WHAT YOU NEED TO DO |
In the material below, find the line with "Winter Owl In Red Poster" and the line with "Sonata Quartz Analog", then output those two lines and every line between them, exactly.

=====

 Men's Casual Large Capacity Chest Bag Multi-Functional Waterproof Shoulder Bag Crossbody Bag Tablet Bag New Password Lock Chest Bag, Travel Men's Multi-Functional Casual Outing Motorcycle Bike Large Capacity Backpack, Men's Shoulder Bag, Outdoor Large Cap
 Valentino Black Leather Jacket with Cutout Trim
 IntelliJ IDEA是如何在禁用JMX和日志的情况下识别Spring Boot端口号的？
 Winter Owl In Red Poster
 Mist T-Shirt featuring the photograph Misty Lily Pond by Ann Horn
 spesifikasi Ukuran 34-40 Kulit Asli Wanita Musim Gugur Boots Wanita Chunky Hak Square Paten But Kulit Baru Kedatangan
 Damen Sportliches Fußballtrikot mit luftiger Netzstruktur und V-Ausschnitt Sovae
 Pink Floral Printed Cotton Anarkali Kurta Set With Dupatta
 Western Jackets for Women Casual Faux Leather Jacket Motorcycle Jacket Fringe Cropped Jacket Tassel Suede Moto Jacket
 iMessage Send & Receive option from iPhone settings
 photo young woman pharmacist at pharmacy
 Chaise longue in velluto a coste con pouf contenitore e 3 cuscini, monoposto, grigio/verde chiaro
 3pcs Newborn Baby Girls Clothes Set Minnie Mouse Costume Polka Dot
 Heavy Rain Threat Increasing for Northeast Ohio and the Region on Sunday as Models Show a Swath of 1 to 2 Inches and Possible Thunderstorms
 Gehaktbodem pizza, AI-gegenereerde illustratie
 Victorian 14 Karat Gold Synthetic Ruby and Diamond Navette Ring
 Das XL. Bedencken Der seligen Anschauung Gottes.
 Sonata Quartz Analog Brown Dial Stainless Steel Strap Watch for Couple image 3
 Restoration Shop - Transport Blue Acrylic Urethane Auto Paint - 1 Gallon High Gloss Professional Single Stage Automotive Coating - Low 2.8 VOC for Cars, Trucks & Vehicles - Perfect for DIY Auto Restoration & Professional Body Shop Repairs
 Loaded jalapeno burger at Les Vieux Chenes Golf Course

=====

REPLY |
 Winter Owl In Red Poster
 Mist T-Shirt featuring the photograph Misty Lily Pond by Ann Horn
 spesifikasi Ukuran 34-40 Kulit Asli Wanita Musim Gugur Boots Wanita Chunky Hak Square Paten But Kulit Baru Kedatangan
 Damen Sportliches Fußballtrikot mit luftiger Netzstruktur und V-Ausschnitt Sovae
 Pink Floral Printed Cotton Anarkali Kurta Set With Dupatta
 Western Jackets for Women Casual Faux Leather Jacket Motorcycle Jacket Fringe Cropped Jacket Tassel Suede Moto Jacket
 iMessage Send & Receive option from iPhone settings
 photo young woman pharmacist at pharmacy
 Chaise longue in velluto a coste con pouf contenitore e 3 cuscini, monoposto, grigio/verde chiaro
 3pcs Newborn Baby Girls Clothes Set Minnie Mouse Costume Polka Dot
 Heavy Rain Threat Increasing for Northeast Ohio and the Region on Sunday as Models Show a Swath of 1 to 2 Inches and Possible Thunderstorms
 Gehaktbodem pizza, AI-gegenereerde illustratie
 Victorian 14 Karat Gold Synthetic Ruby and Diamond Navette Ring
 Das XL. Bedencken Der seligen Anschauung Gottes.
 Sonata Quartz Analog Brown Dial Stainless Steel Strap Watch for Couple image 3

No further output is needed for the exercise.